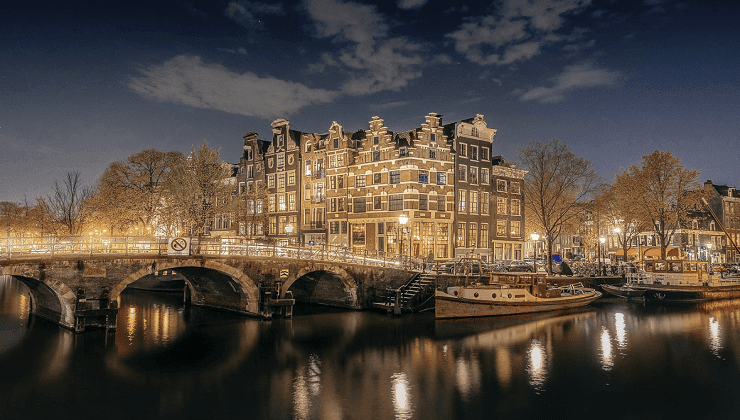 jordaan and amsterdam's canals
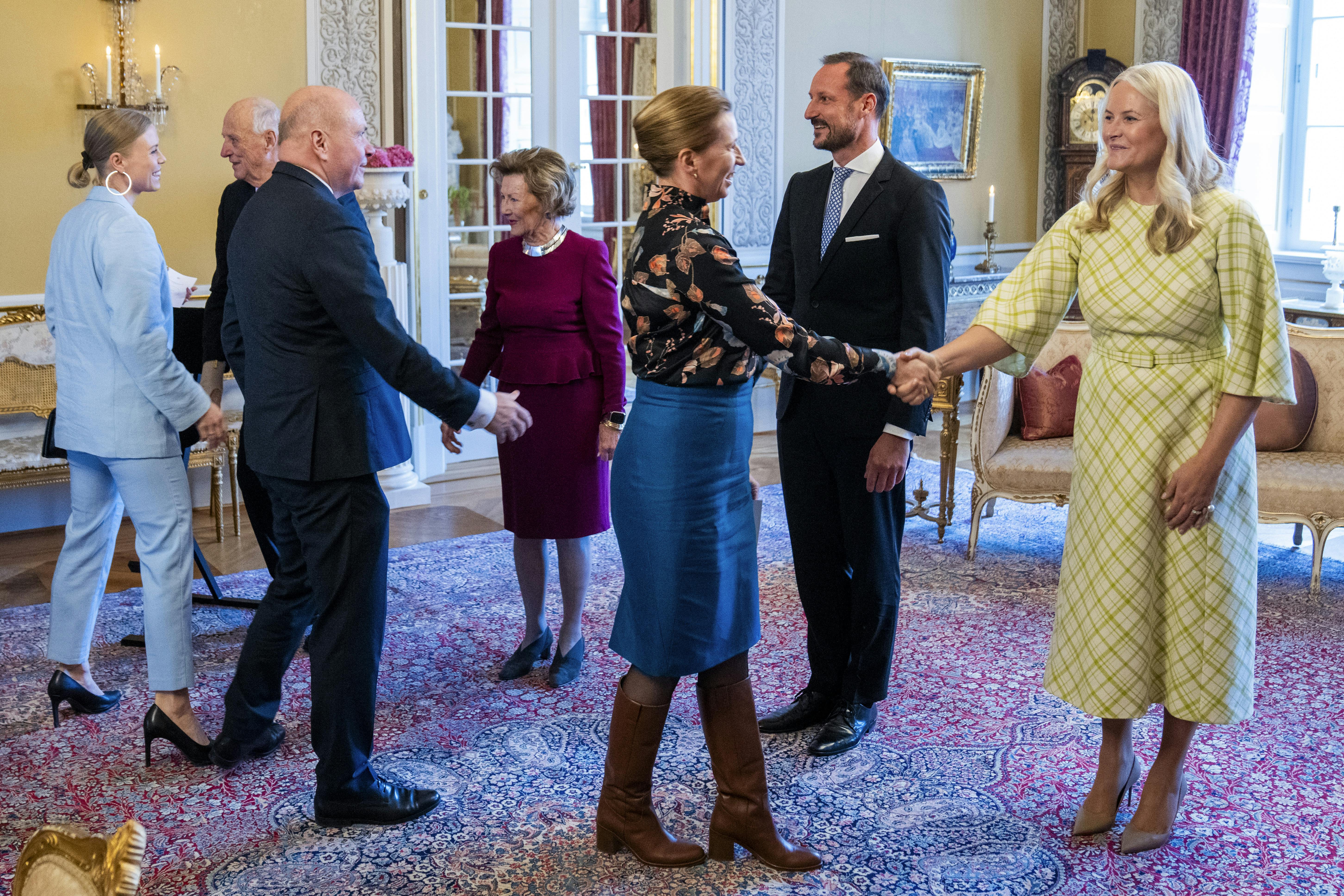 Mette Frederiksen hilste på det norske kronprinspar i forbindelse med frokosten.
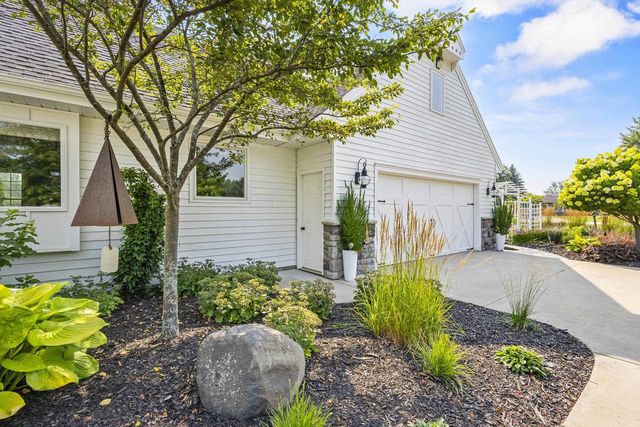 3075 RIDGEWAY DRIVE, Neenah, WI 54956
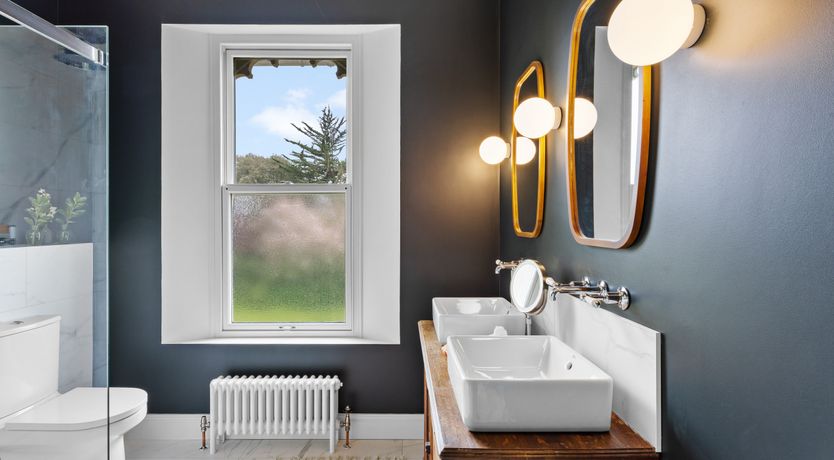 Photo of The Somerset Manor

## ASSIGNMENT
Only the text of the material belongs in your copy, which must match the original exactly.

## RESULT FOR THIS EXERCISE
 jordaan and amsterdam's canals
 Mette Frederiksen hilste på det norske kronprinspar i forbindelse med frokosten.
 3075 RIDGEWAY DRIVE, Neenah, WI 54956
 Photo of The Somerset Manor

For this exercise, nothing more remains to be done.